Chris Cline, the billionaire West Virginia coal executive and philanthropist, died Thursday, West Virginia officials said. He was 60.
West Virginia Gov. Jim Justice and Evan Jenkins, a justice on the state Supreme Court, both confirmed that Cline, the founder of Foresight Energy of St. Louis, one of the nation’s biggest coal companies, had died Thursday.
The Associated Press reported that Cline and six other people were killed when their helicopter crashed in Walker’s Bay, in the Abaco Islands, on its way from the Bahamas to Florida.
Bahamian police confirmed that seven people — four females and three males — were killed when a helicopter crashed about near Grand Cay in the Abaco Islands on Thursday while on its way to Fort Lauderdale, Florida.
Officers and residents of Grand Cay discovered the aircraft, which had taken off at about 2 a.m. local time, overturned in 16 feet of water on Thursday afternoon, police said.
Police didn’t identify the victims, and NBC News couldn’t immediately confirm that Cline was aboard the helicopter that crashed.
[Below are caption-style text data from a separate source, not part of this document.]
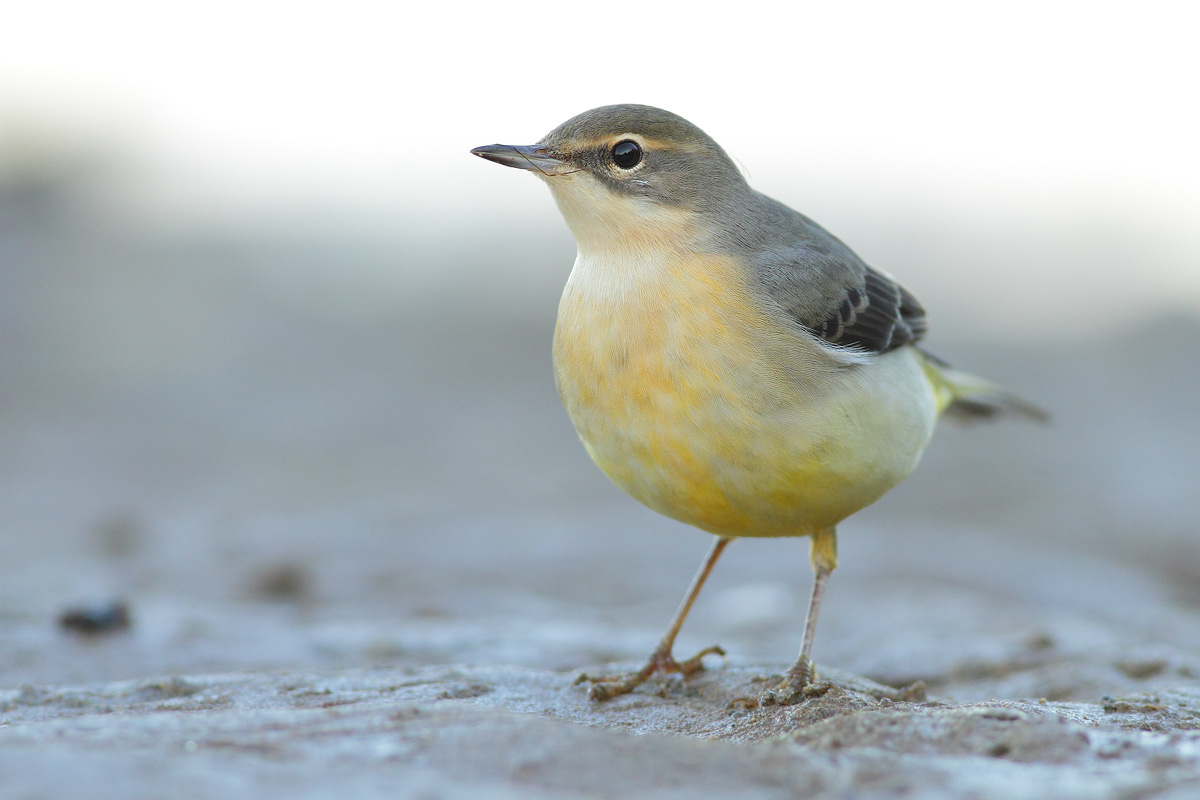 yellow wagtail
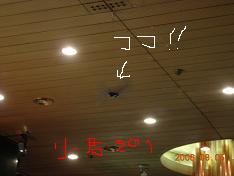 d0034432_0151226.jpg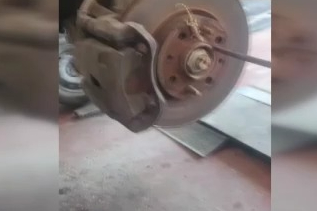 Balata değişimi sırasında tekerlekten çıkan kertenkele şaşırttı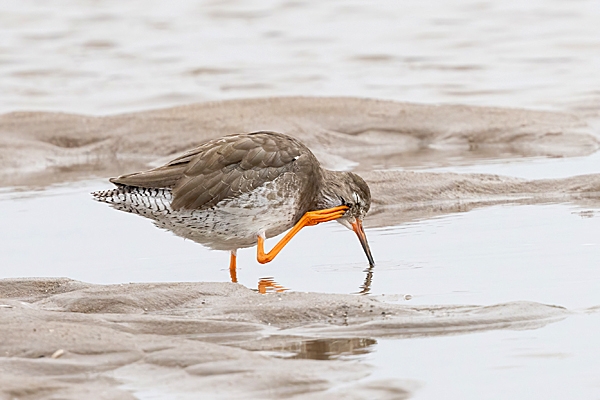 Redshank having a scratch. Sep. '24.
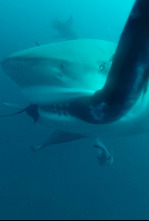 Los secretos del tiburón toro
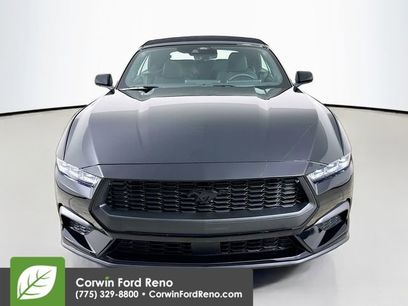 New 2025 Ford Mustang Convertible w/ Mustang Nite Pony Package
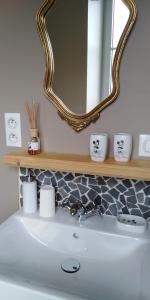 a bathroom with a sink and a mirror at Le vieux presbytère in Confracourt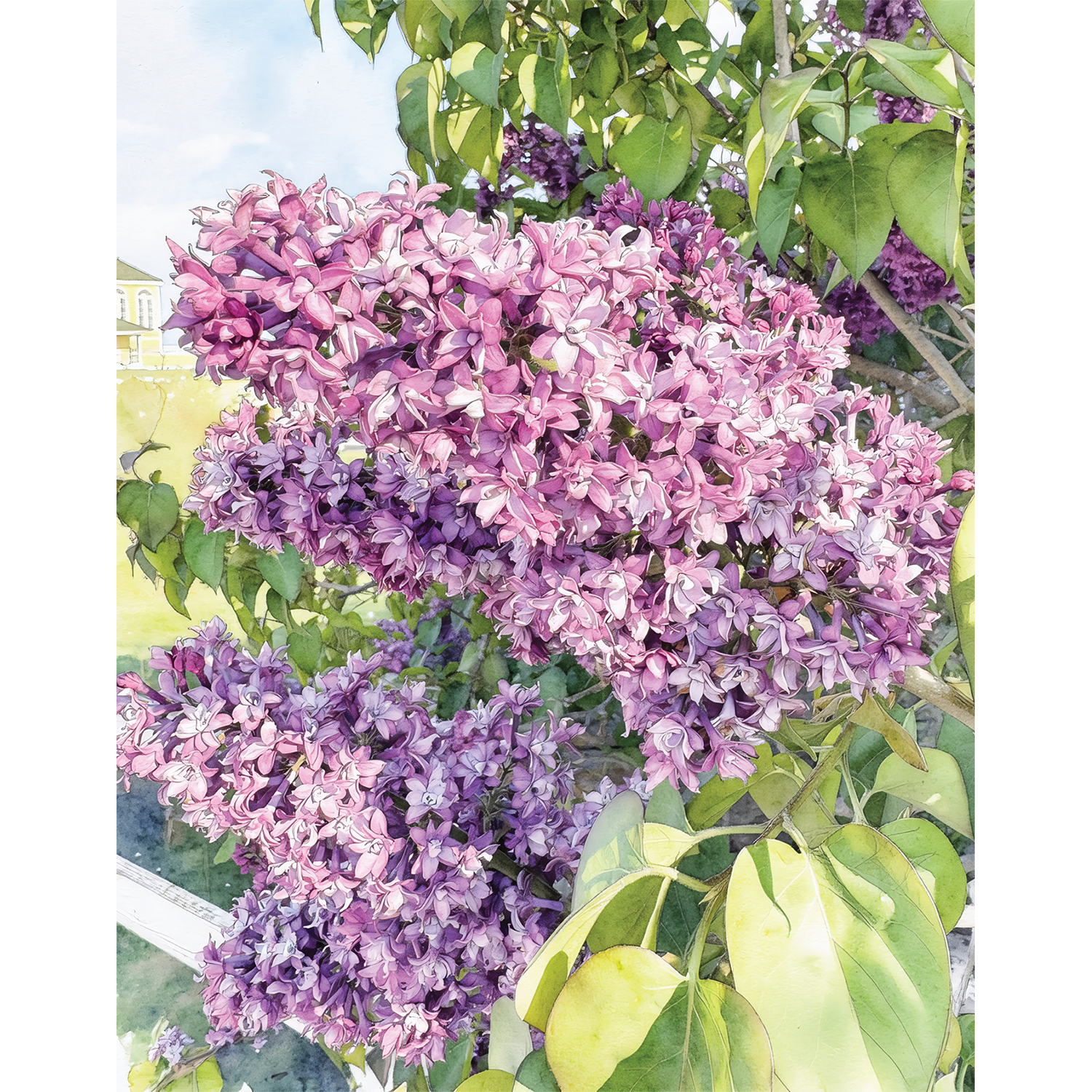 Lilac Light on Mackinac – Giclée Fine Art Print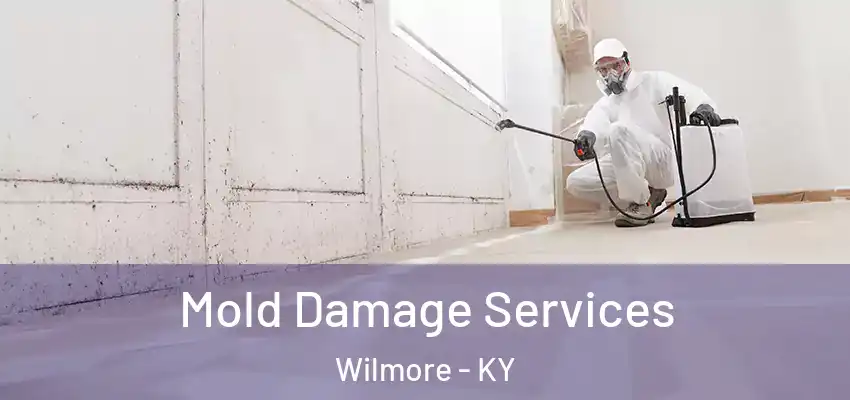  Mold Damage Services Wilmore - KY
Justice called Cline “a very close friend” and a “superstar” on Twitter.
“Chris Cline built an empire and on every occasion was always there to give,” the governor said. “What a wonderful, loving, and giving man.”
Jenkins told NBC affiliate WVVA of Bluefield, West Virginia, that he was “devastated by the loss of Chris Cline.”
“This is a real loss of a loving father for his family, heart breaking for them and all of the state,” he said.
Cline sold a controlling stake in Foresight it for $1.4 billion in 2015. He resigned from Foresight’s board in 2017 but kept ownership of about a quarter of the company.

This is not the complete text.